Hayvancılık sektörü onlarca sektörü besler
Ülkelerin sağlığında, kalkınmasında, doğal ortamının bozulmadan zenginleşebilmesinde, hayvancılık sektörünün canlı ve diri kalmasının önemli olduğunu söyleyen Polat, “Bir ülkenin kalkınabilmesi, halkımız sağlıklı olabilmesi, doğal şartlarının korunabilmesi, tarım ve hayvancılığa gereken desteğin verilmesiyle mümkündür. Her şeyi bir yana bırakalım, kısa vadede düşünsek bile, hayvancılık sektörüne verilen önem, göçleri önlediği gibi toplumsal olayları da engeller” dedi.

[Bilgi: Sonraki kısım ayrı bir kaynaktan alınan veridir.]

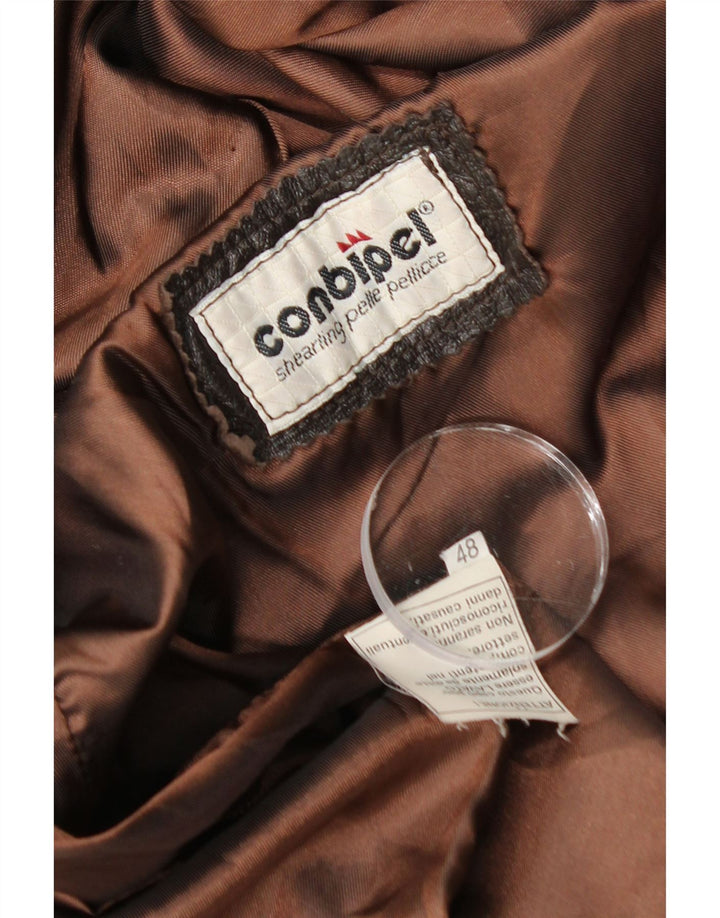 Conbipel damski płaszcz skórzany oversize IT 48 XL brązowa skóra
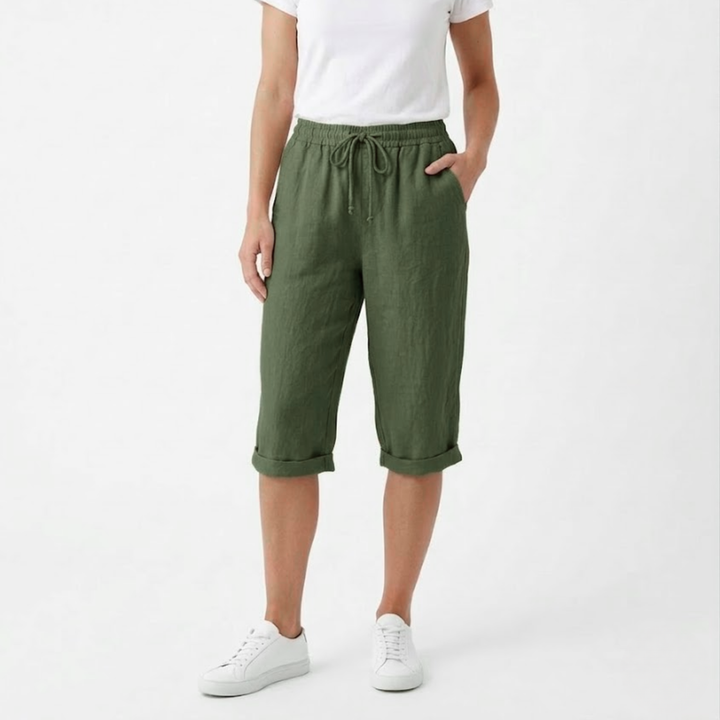 Women Short Elastic Waist Pockets Casual Summer Style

AB’ye girmeyi istiyorsak süt kuzularını kesmeyelim
Bölgede ciddi anlamda damızlık koyun sıkıntısı olduğu, buna rağmen süt kuzusu kesiminin de yaygın olduğunu, gelişmiş ülkelerde süt kuzusu kesiminin yasak olduğunu hatırlatan Polat, “Kentimizde ve ülkemizde öncelikle süt kuzusunun kesimi yasaklanmalı. AB topluluğunun bu konuda standartları vardır, bizde de uygulanmalı” diye konuştu.
Polat, canlı hayvan üretiminin tamamen bitmemesi için üreticilere yemden mazota kadar pek çok girdilerde destek verilmesini ve hayvancılığın özendirilmesi gerektiğini söyledi.